▶ EXERCISE DETAILS:
When the data below is printed, every line must match exactly and the images must be absent.

== TASK INPUT

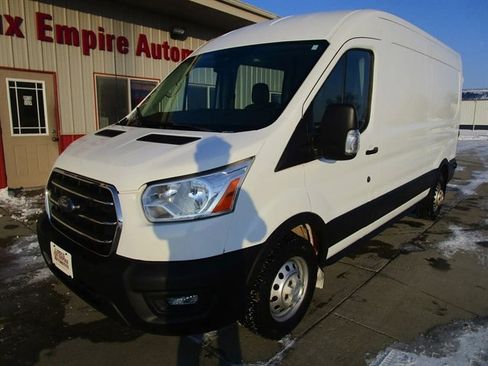 Used 2020 Ford Transit 350 148 Medium Roof AWD image 3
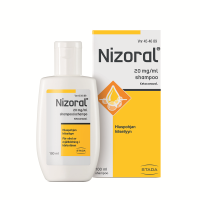 NIZORAL 20 mg/ml 100 ml shampoo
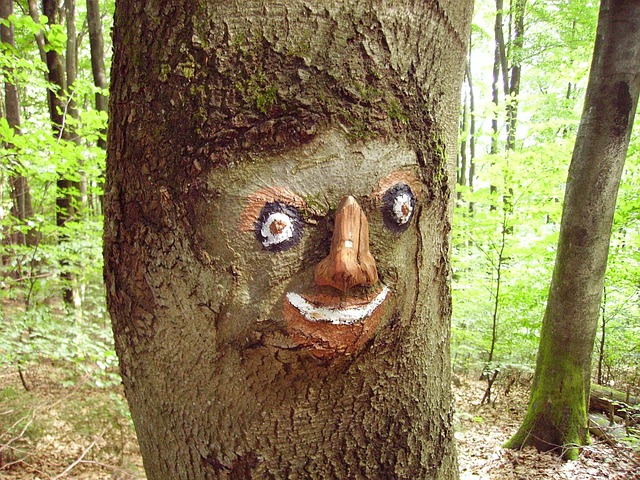 Free Wood Sculpture photo and picture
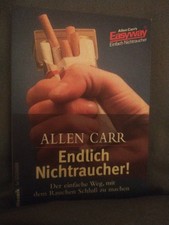Endlich Nichtraucher! von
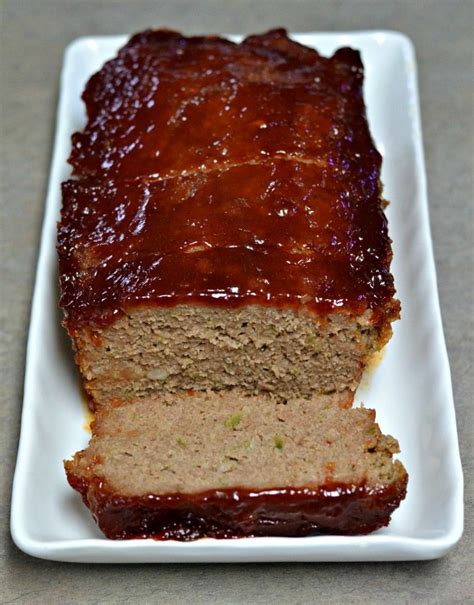 Brown Sugar Glazed Meatloaf Meat Loaf Recipe Easy Brown Sugar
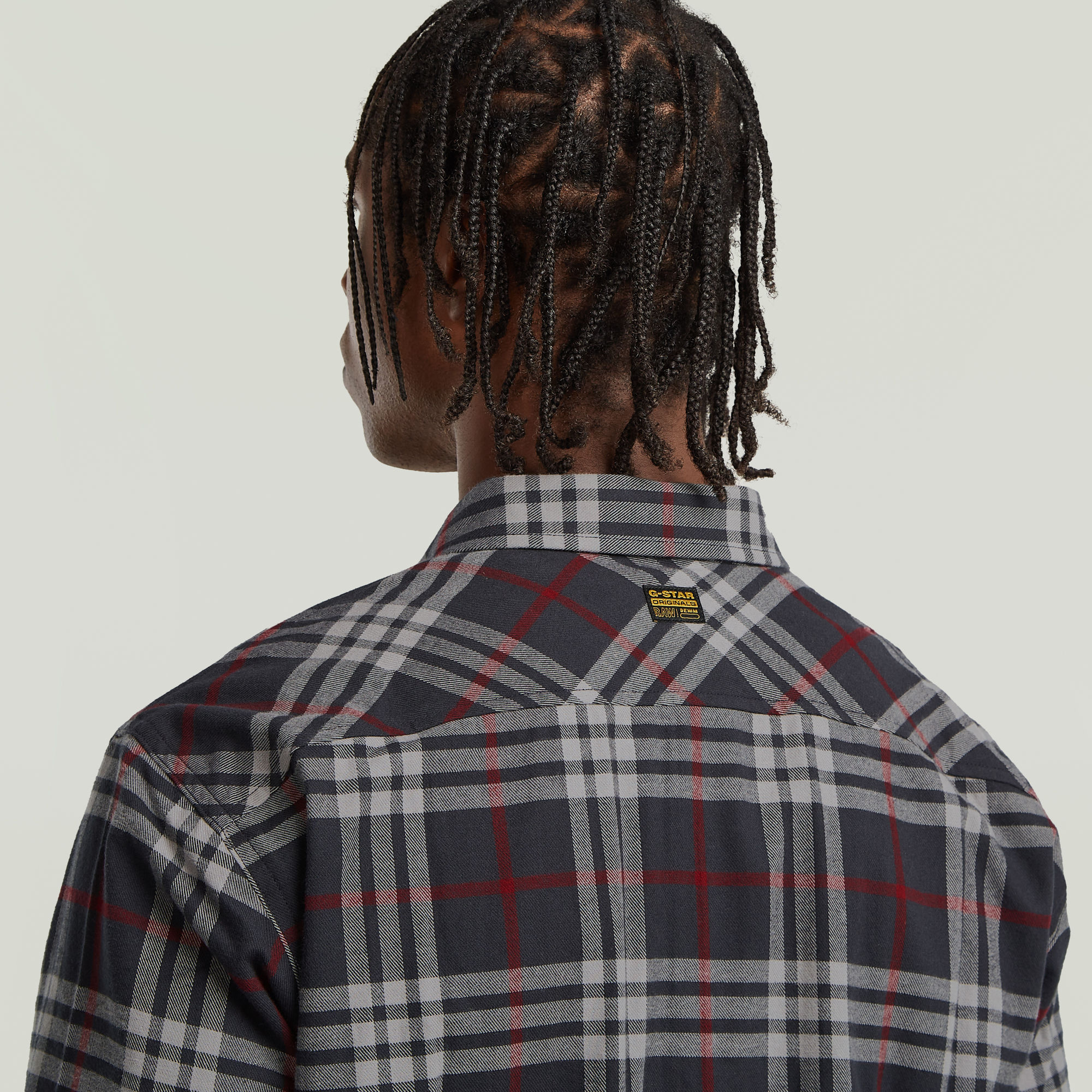 G-Star RAW One Pocket Regular Overhemd Meerkleurig Heren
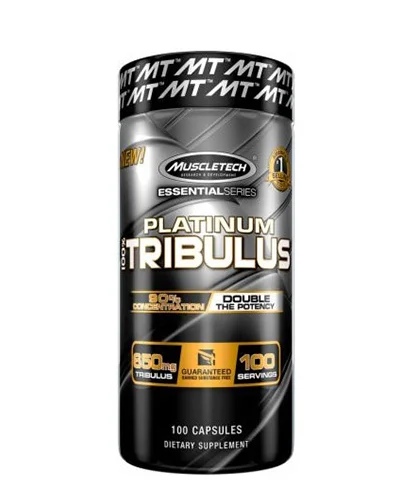 Muscletech 100% Platinum Tribulus 100 capsules
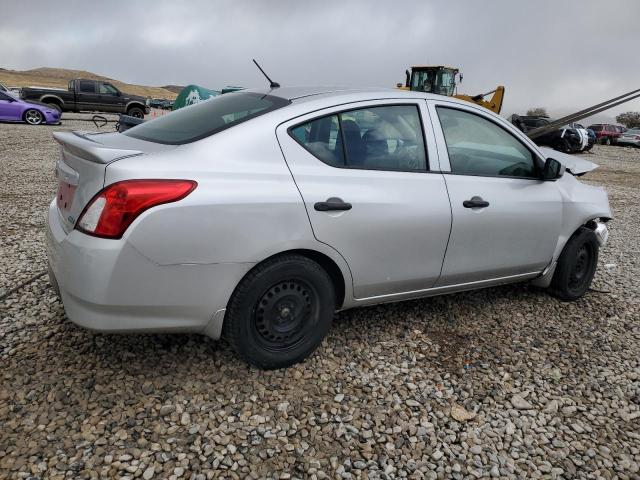  NISSAN VERSA 2016 Сріблястий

====

▶ SOLUTION BELOW:
 Used 2020 Ford Transit 350 148 Medium Roof AWD image 3
 NIZORAL 20 mg/ml 100 ml shampoo
 Free Wood Sculpture photo and picture
Endlich Nichtraucher! von
 Brown Sugar Glazed Meatloaf Meat Loaf Recipe Easy Brown Sugar
 G-Star RAW One Pocket Regular Overhemd Meerkleurig Heren
 Muscletech 100% Platinum Tribulus 100 capsules
  NISSAN VERSA 2016 Сріблястий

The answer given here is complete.